Mit knapp zwanzig Jahren Lebenserfahrung habe ich mich entschlossen, ab Sommer 2009 für ganze zwölf Monate nach Nicaragua zu gehen; dass es geklappt hat, hatte ich zwischendurch nicht wirklich gedacht; aber dass ich nun, Anfang Juli, so kurz vor der Ausreise stehe und meine Schulzeit einfach so an mir vorbei gegangen ist - das ist noch weniger zu begreifen. Ich werde natürlich an diesem Zustand nichts ändern können und freue mich tatsächlich wahnsinnig auf die Zeit in Mittelamerika. Bisher haben sich meine Auslandserfahrungen auf den europäischen Raum begrenzt; am 23. Juli geht es jedoch los in ein Land, von dessen Existenz ich zuvor zwar wusste, aber an das ich doch zugegeben wenig gedacht habe - und das ich geographisch als Abiturientin "drüben" eingeordnet habe.

Innerhalb eines Jahres werden sich mein Weltbild, meine geographischen und kulturellen Kenntnissen verschieben, neu ordnen. Ich werde einen Teil der Welt kennen lernen, der von Armut, Korruption, Drogen und der Hoffnung auf Besserung bestimmt wird, - aber genau so von Gastfreundlichkeit, Freude am Leben und an dem wenigen, das man hat.

Ich verlasse meine Heimat, ohne zu wissen, was Heimat eigentlich ist.

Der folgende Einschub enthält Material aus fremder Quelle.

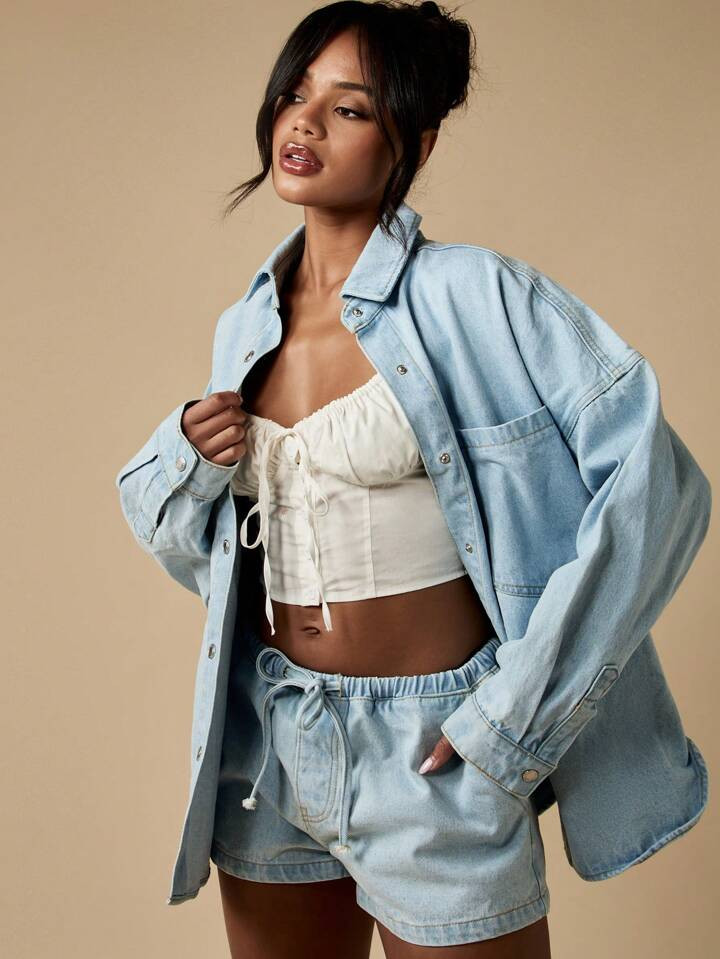 MISSGUIDED Casual Festival Summer Two Piece Denim Set Light Wash Oversized Jacket Elastic Waist Shorts Baggy Beach Resort Coachella Streetwear | SHEIN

Natürlich werde ich wiederkommen - jedenfalls gehe ich stark davon aus -, aber die Entwicklung, die ich in diesem Jahr vollziehen werde, ist jetzt noch gar nicht abzusehen. Es fällt leicht, über all diese Dinge an einem warmen, geheizten Ort (im Winter) zu schreiben, wenn man von all dem umgeben ist, das man zum Leben braucht. Wie es tatsächlich in Nicaragua aussieht, was sich tatsächlich hinter dem Wort Armut verbirgt und was man als Europäer tun kann oder tun muss, werde ich erst in einem Jahr wissen. Dieser Blog ist daher zweierlei: einerseits eine Informationsstation, die allen, die es interessiert oder auch nur zufällig hierher stolpern, Eindrücke meines Lebens in Nicaragua schildern soll; andererseits eine Gedankenkiste, in der ich all das verarbeiten und mitteilen kann, was ich hier erlebe; im Großen und Ganzen ist es dabei auch ein Beitrag meinerseits, um eine Welt, die unglaublich verknüpft ist und die denkbar unvorstellbar von der Technik und dem Fortschritt profitiert, zu ermöglichen, die sich in all der Schnelllebigkeit auch noch gegenseitig versteht und zuhört.